Surface is important. It constitutes and illustrates the flapping of our minds. It is the federation of intention and illusion, of emptiness and of manifestation, and then it exists and shimmers in its own right. I have often thought that it might be worthwhile to try and write a treatise on The Metaphysics of the Surface.

We always work with sensitive spaces, both in our relationship to what comes down on the paper (and this will be a sustained tension all through one’s writing life) and in the way we position ourselves to the product — the adaptability and acceptability of it, its coherence or resonance or success; and then the attitude to the reader’s expectations and our relations with other writers and the links and breaks among our own various writings.

Writing is the dialectic between absence and presence. It is the art of leaving out so that you can let in more. It is the process of surfacing. As you write, you surface to yourself — like turbulent water stilling to the rise of an image. The water is not any less deep and there are as many creatures gliding through the sweet thickness of currents, but it now allows itself to be focused to a surface of reading, to what I referred to earlier as ‘a plausible bounded mirage of meaning’. . (Movement, of course, obviates the need for a recognizable face.) And then, if the writing works, it will allow the reader to surface to him- or herself.
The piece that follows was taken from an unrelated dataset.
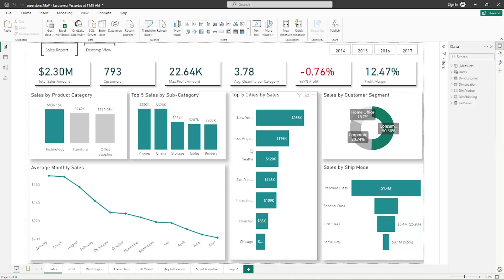So how do you choose the right dashboard? Number one, consider your target audience and their information needs. Define the key questions your dashboard aims to answer. Select the most relevant metrics and visualizations to convey your messages effectively, and maintain a clear and concise layout with limited clutter. Try as much as possible to use a consistent design, and ensure that your visuals are accessible to users with disabilities.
As Russell Banks put it: Writing is the art (and thus the pleasure and the pain) of being intimate with strangers. With yourself as the first stranger.
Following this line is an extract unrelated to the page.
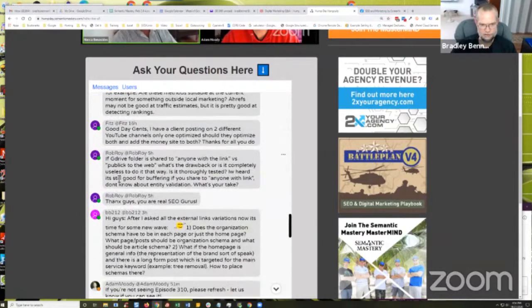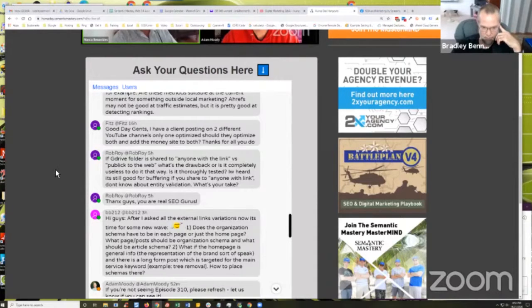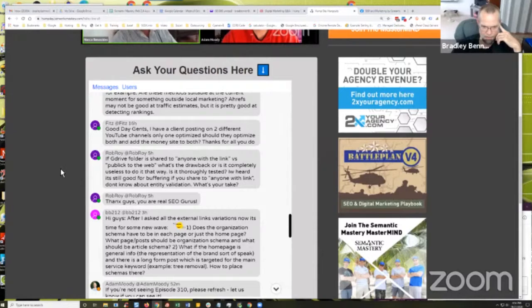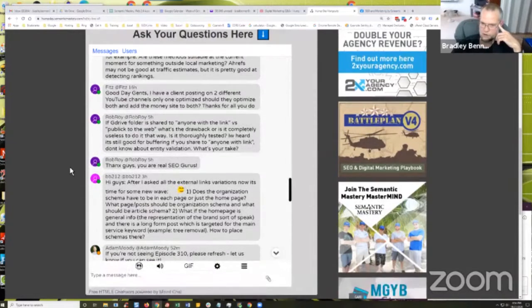Okay, the next question is: a G Drive folder is shared to anyone with the link versus public on the web. What's the drawback, or is it completely useless to do it that way? Is it thoroughly tested? I've heard it's still good for buffering if you share with anyone with the link, but don't know about entity validation. What's your take, Marco?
You always start out having at least an idea of what you wish to write. But then, it is only in the writing that you find out what you’re about. This is the creative tension between intention and discovery, and it is this relationship that makes for welcoming spaces.

The ethical respect you show your stories — to the characters, the situations, the plot, the environment, the tenses and the tensions — will consist of not having your texts preach your convictions about rape and violence and racism and global warming and war, or the free market and other aberrations of stupidity. The only effective action as writer against social folly is to write better, go deeper, open the mind more, be more democratic in the space you allow the reader.

Enhanced consciousness — that is, first of all the matter of touching and smelling, running your hands over the rough edges of words with their histories and their bastard natures — is the bedding of conscience.

TERRITORIALITY

In the bright morning a daymoon just the barest knuckle of a reminder of subterranean dimensions. Red birds flit and flutter in the bare branches of a big tree. This is Connecticut. We are staying in the house of an old writer. There are many rooms smelling of ancient dogs and manuscripts, narrow passages, creaking wooden floors, framed New England faces against the walls. For breakfast we have ‘hambiscuits’ — salty and sweet Virginia meat cured by the master in his bathtub, then glazed.